• [Your task]:
Take the records below and set down exactly the lines from the one with "- Canapé d'angle" to the one with "Mobiles Gasflaschen-Depot - für", ends included; do not copy the pictures.

• [The data]:
----------

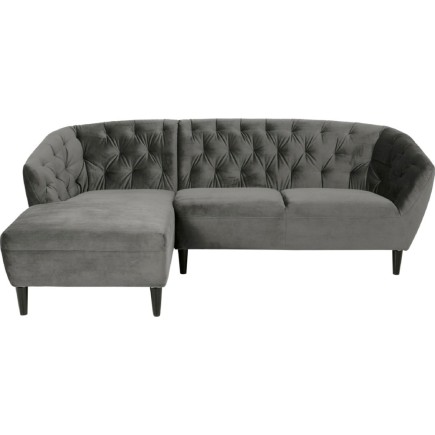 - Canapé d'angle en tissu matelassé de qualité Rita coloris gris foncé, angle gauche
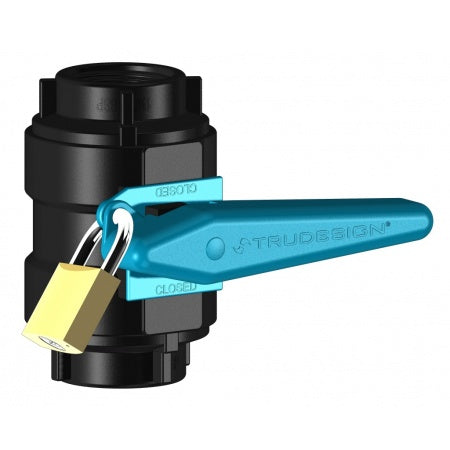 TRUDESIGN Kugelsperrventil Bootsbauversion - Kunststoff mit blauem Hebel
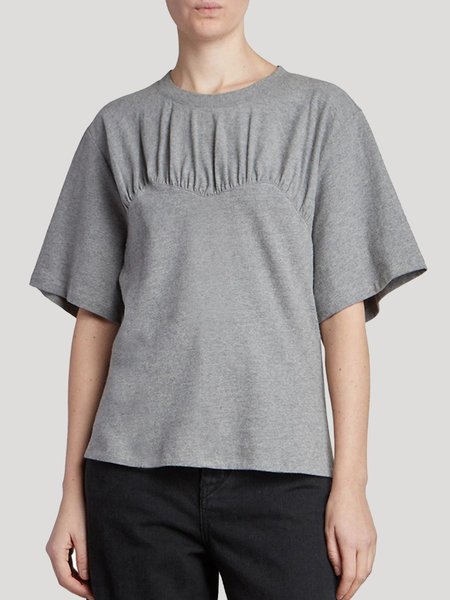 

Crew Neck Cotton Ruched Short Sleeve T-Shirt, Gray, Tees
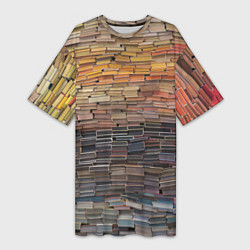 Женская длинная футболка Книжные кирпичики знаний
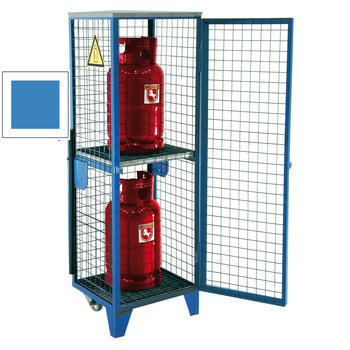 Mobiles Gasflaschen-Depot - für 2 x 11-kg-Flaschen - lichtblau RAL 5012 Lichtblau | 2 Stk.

----------

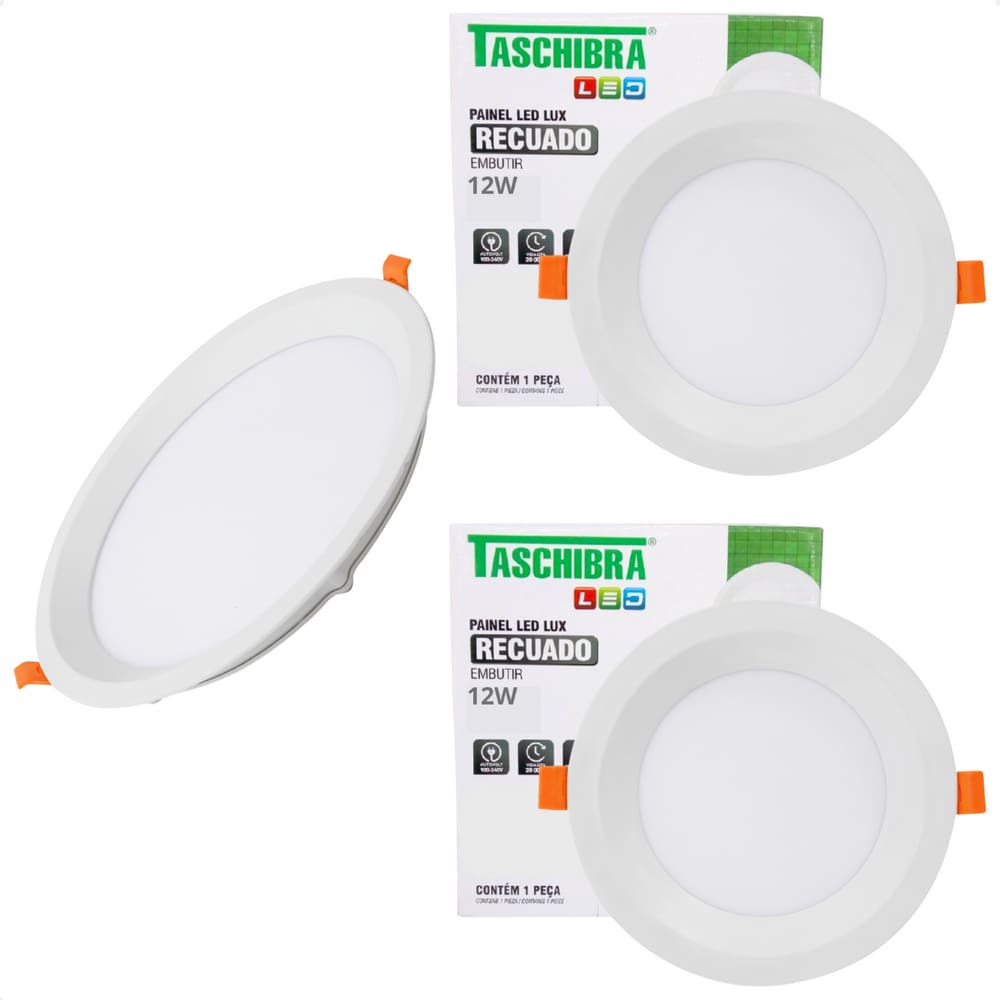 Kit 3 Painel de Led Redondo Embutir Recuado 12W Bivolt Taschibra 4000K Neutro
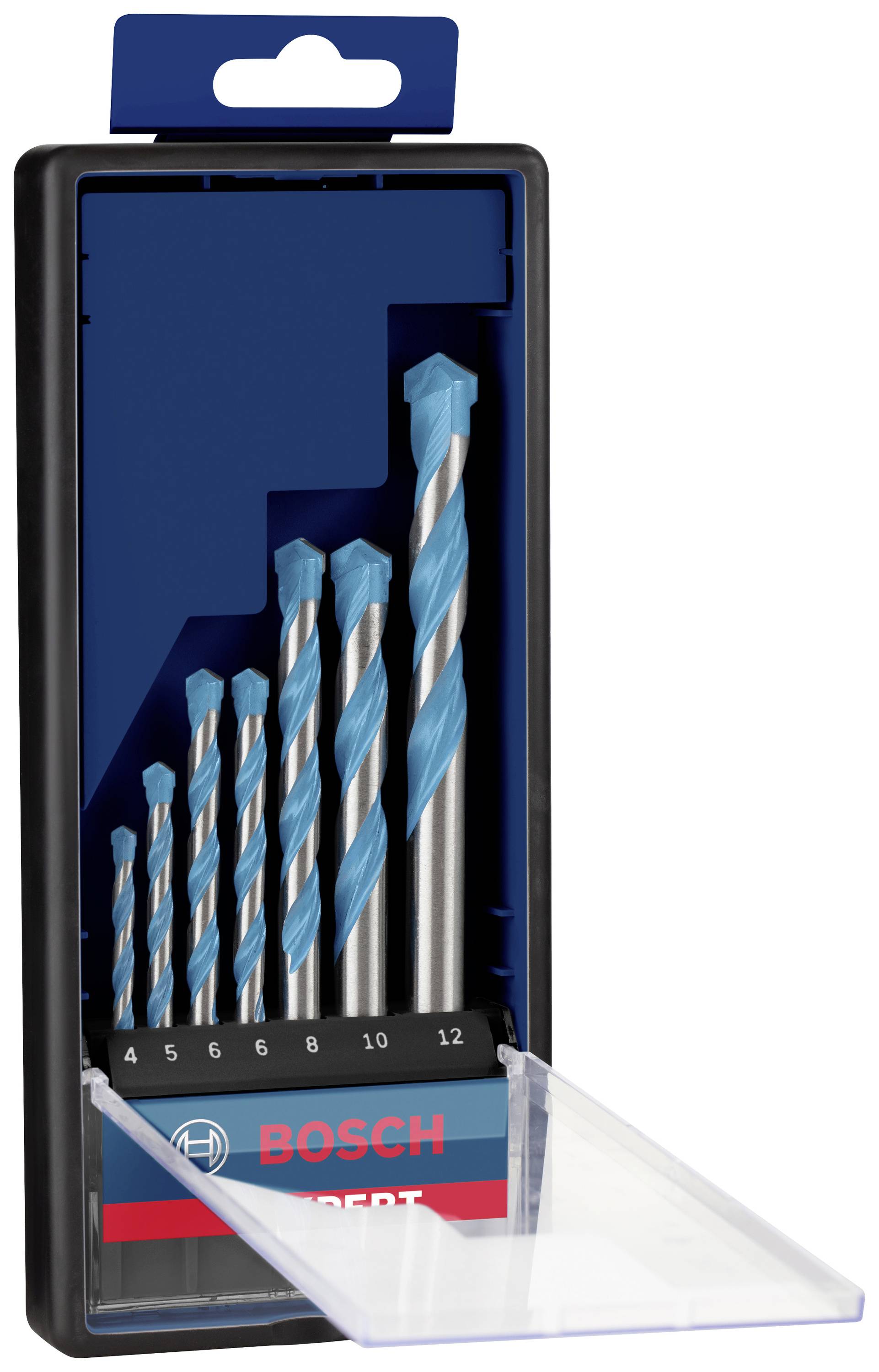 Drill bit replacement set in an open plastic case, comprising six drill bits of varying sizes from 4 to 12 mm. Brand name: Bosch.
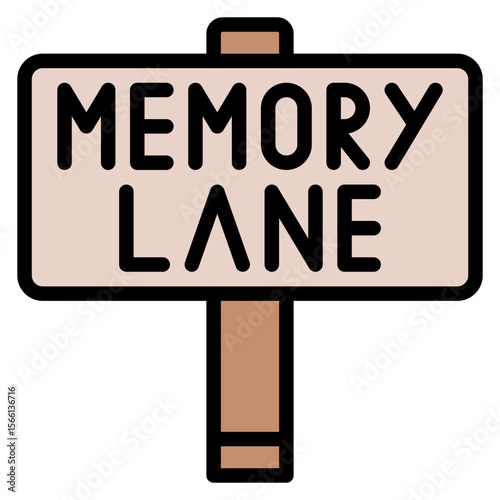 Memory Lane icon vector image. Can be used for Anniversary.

----------

• [Output of the task]:
 - Canapé d'angle en tissu matelassé de qualité Rita coloris gris foncé, angle gauche
 TRUDESIGN Kugelsperrventil Bootsbauversion - Kunststoff mit blauem Hebel

Crew Neck Cotton Ruched Short Sleeve T-Shirt, Gray, Tees
 Женская длинная футболка Книжные кирпичики знаний
 Mobiles Gasflaschen-Depot - für 2 x 11-kg-Flaschen - lichtblau RAL 5012 Lichtblau | 2 Stk.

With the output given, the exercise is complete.